Paraffin-embedded samples were serially sectioned at 4 μm, mounted on gelatin-coated slides, dried at 60°C for 3 h. The sections were deparaffinized in xylene, rehydrated in a descending series of ethanol solutions, and then treated with 3% hydrogen peroxide for 15 min to quench endogenous peroxidase activity. Antigen retrieval was performed by microwaving the sections immersed in citric acid buffer (10 mM, pH 6.0) for 20 min, followed by 1 h incubation at room temperature. To block non-specific staining, we incubated sections with 10% normal goat serum. Next, primary antibodies for γH2AX and phospho-ATM Ser1981 were added, and the slides were incubated at 4°C overnight. After washing with PBS, corresponding secondary antibodies were added for incubation at 37°C for 30 min before reaction with diaminobenzidine and counterstaining with hematoxylin.

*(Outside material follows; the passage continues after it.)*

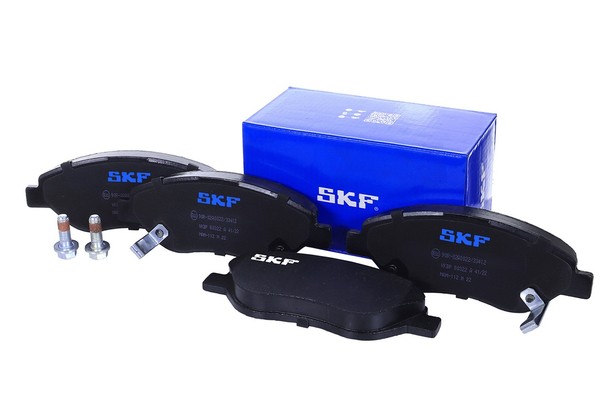 SKF Bremsbelagsatz Scheibenbremse Vkbp 80322 A FüR Fiat Tipo 357HXN1A 357SXN1A-image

Slides were then dehydrated and mounted. Positive controls were used for each of the antibodies (breast cancer tissues for γH2AX and phospho-ATM Ser1981), while in the negative controls the PBS was substituted for the primary antibody.

Images were captured using a Leica IM50 microscope at ×400, and five different fields for each index were selected in each sample. The number of positive nuclei and total nuclei in images was then counted with the application of Image Pro Plus (IPP) 6.0 software, and the corresponding labeling index (percentage) was computed as positive nuclei/total nuclei × 100%.

Western blot

Tissues were lysated in RIPA lysis buffer supplemented with protease inhibitor (Beyotime, China). Protein samples (50 μg) were denatured, separated by SDS-polyacrylamide gel electrophoresis and transferred to PVDF membranes. After blocking in TBS with 5% BSA, the membranes were incubated with primary antibodies against γH2AX (1:1000, Cell Signalling) and ACTIN (1:1000, Sigma Aldrich) overnight at 4°C. After washing, the membranes were incubated with corresponding secondary antibodies at room temperature for 1 h. The blotted membranes were washed and visualized using ECL reagents following the manufacturer's instructions.

Statistical analysis

All statistical analyses were performed using Statistical Package for Social Sciences (SPSS) 13.0 (SPSS Inc., Chicago, IL USA). One-way analysis of variance was used for labeling index analysis in multiple groups. The difference of labeling index between two groups was evaluated with t-test. A two-tailed P≤0.05 was considered statistically significant. All reported P values were two-sided.